All’interno di queste regioni troviamo quei tratti comuni che consentono di identificare distinti modelli espressivi, ma prima di addentrarci in queste distinzioni, è il caso di illustrare il significato della parola iso-polifonia.
Il termine iso si riferisce al ronzio di accompagnamento. In genere tra i Tosk è sempre continuo e cantato sulla sillaba 'e', usando la respirazione scaglionata; mentre per i Lab è cantato come un tono ritmico. Questo tipo di canto è eseguito principalmente da cantanti di sesso maschile, e accompagna tradizionalmente una vasta gamma di eventi sociali, come i matrimoni, i funerali, le feste del raccolto, celebrazioni religiose e folk festival come quello che si tiene ogni anno ad Argirocastro.
Per polifonia, invece, si intende quel tipo di scrittura musicale che prevede l’insieme simultaneo di più voci umane e/o strumentali (la parola deriva dal greco e significa per l’appunto “a molte voci”) su diverse altezze sonore, che procedono simultaneamente secondo determinate regole armoniche, ma che si possono considerare anche autonome, in quanto ogni voce agisce indipendentemente dall’altra. I primi modelli di tale struttura sono già rinvenibili nelle cerimonie musicali delle civiltà primitive dell’antica Grecia.
In senso lato la polifonia può indicare qualsiasi aggregazione verticale di suoni, come per esempio, nel linguaggio dell’armonia, un accordo. Al concetto di polifonia si oppone quello di monodia (canto a una voce), che distingue la musica romano-bizantina, termine con il quale si intende attualmente la musica religiosa ortodossa orientale.
L'iso-polifonia albanese è caratterizzata da brani composti principalmente da due parti solistiche, una parte compone la melodia e l'altra esegue un controcanto con un iso corale. La struttura di queste parti solistiche varia a seconda dei diversi modi di eseguire il canto, poiché ogni gruppo adatta la struttura alle proprie esigenze. Tuttavia, come abbiamo già visto, si possono distinguere tre macro modelli: tosk, lab e çam.
Il modellotosk ha un carattere orizzontale e presenta due parti soliste che si muovono sul bordone ininterrotto, detto isso o kaba intonato da tre o quattro cantori sulla "e" chiusa.
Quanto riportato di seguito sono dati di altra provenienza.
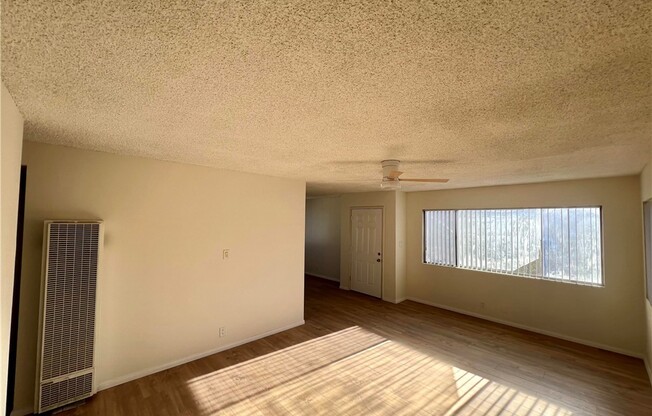 2 beds, 1 bath, 885 sqft, $2,950, Unit 1/2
Avanzando prevalentemente per imitazione, la voce guida, marresi, e la seconda voce, pritesi compiono ampi movimenti melodici e sono caratterizzate da un particolare procedimento di ornamentazione, una sorta di yodel, che consiste nel rapidissimo passaggio dal registro grave a quello acuto. Tra i principali centri vanno ricordate le regioni di Berat, Koriza e Santiquaranta.
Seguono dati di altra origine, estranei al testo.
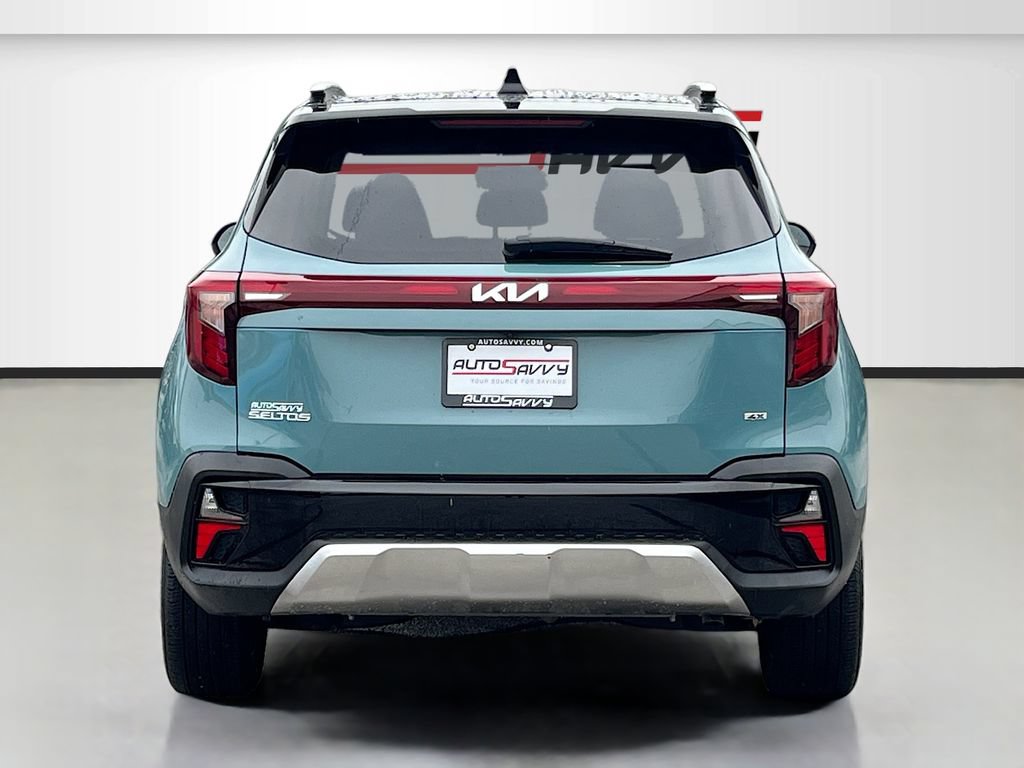 Used 2025 Kia Seltos S AWD/4WD image 6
La polivocalità lab risponde invece ad una concezione "verticale", nella quale le parti alternano dissonanze e consonanze. Il bordone che ha un andamento sillabico e colori cangianti. Su questo baricentro si muovono lente e compatte le tre parti: la prima presenta la frase melodica, alla quale la seconda fa da contrappunto, mentre la terza interviene solo a tratti, creando un amalgama armonico nel quale risaltano i differenti timbri. Le tre voci soliste, che agiscono prevalentemente nel registro acuto, sono chiamate marresi, kthyesi e hedhesi ad indicare il loro gioco sonoro di presa, risposta e rilancio. La tradizione lab predilige le melodie pentafoniche ed è caratterizzata dal frequente impiego di intervalli armonici di seconda. La forza espressiva del canto deriva non solo dalla potenza dell'emissione, ma anche dalla ricorrente presenza del vibrato. Nell'area lab i principali centri dell'espressione polivocale sono la regione di Valona, Tepelena ed Argirocastro.
Nella Ciamuria (in albanese Çamëria) l'espressione polivocale riprende l'andamento orizzontale che caratterizza l'area tosk e il cui bordone manifesta evidenti reminiscenze bizantine. La polifonia dei çam, che è prerogativa esclusiva delle voci maschili, vede come tratto principale la presenza del bordone (iso), eseguito da un piccolo coro, sul quale si addensano altre voci in movimenti polifonici talvolta assai complessi. Nella polifonia dei çam, sopra il bordone vi sono due solisti - marrësi e kthyesi, ovvero ‘colui che prende il canto’ e ‘colui che lo rigira’ - che si rincorrono in sofisticati giochi imitativi. Secondo il prof. Nicola Scaldaferri, essa presenta una raffinatezza sconosciuta alle altre forme di isopolifonia albanese, ovvero alle polifonie tosk e lab. Ai cantori çam, infatti, viene unanimemente riconosciuta una straordinaria abilità nel fiorire le linee melodiche. I gruppi vocali spesso vengono accompagnati da gruppi strumentali, per cui le ornamentazioni vocali gareggiano con il virtuosismo dei vari strumentisti. I testi verbali, accanto a quelli rituali e funzionali, presentano contenuti di carattere storico in cui si rievocano la diaspora dei çam. Di notevole interesse è anche il repertorio di elegji, canti di rimpianto e nostalgia per la casa e le terre abbandonate oltre il confine greco, eseguiti spesso dagli uomini a voce sola.
Nel canale youtube Diaspora Arbëreshe è possibile ritrovare vari esempi di isopolifonia tosk e lab, ma segnaliamo per tutti il Gruppo Ensemble Tirana e brani come Do marr çiften.
I componenti di questo gruppo sono profondi conoscitori delle diverse espressioni del canto polivocale tradizionale, in particolar modo quelle degli stili della Ciamuria e delle regione di Valona e Koriza. Si tratta di una formazione di cantori professionali scelti tra i migliori elementi dell’Ensemble nazionale di canti e danze popolari d'Albania. Per tale motivo la loro esecuzione risulta meno ruvida di quella amatoriale della gente comune e più precisa nell'intonazione e negli attacchi. Per la tradizione çam si segnala anche il Gruppo polifonico di Fier e Rrogozhina.
Fra gli innovatori del panorama musicale albanese segnaliamo la genialità e la sensibilità artistica del pianista Markelian Kapedani, che con gli Euphonia Ensemble ha reinterpretato Ti je zemra ime (Tu sei il mio cuore), una ninna nanna dedicata ai bambini kosovari, e il talentuoso Admir Shkurtaj, che con la sua fisarmonica ha arricchito le sonorità del gruppo grecanico Ghetonia.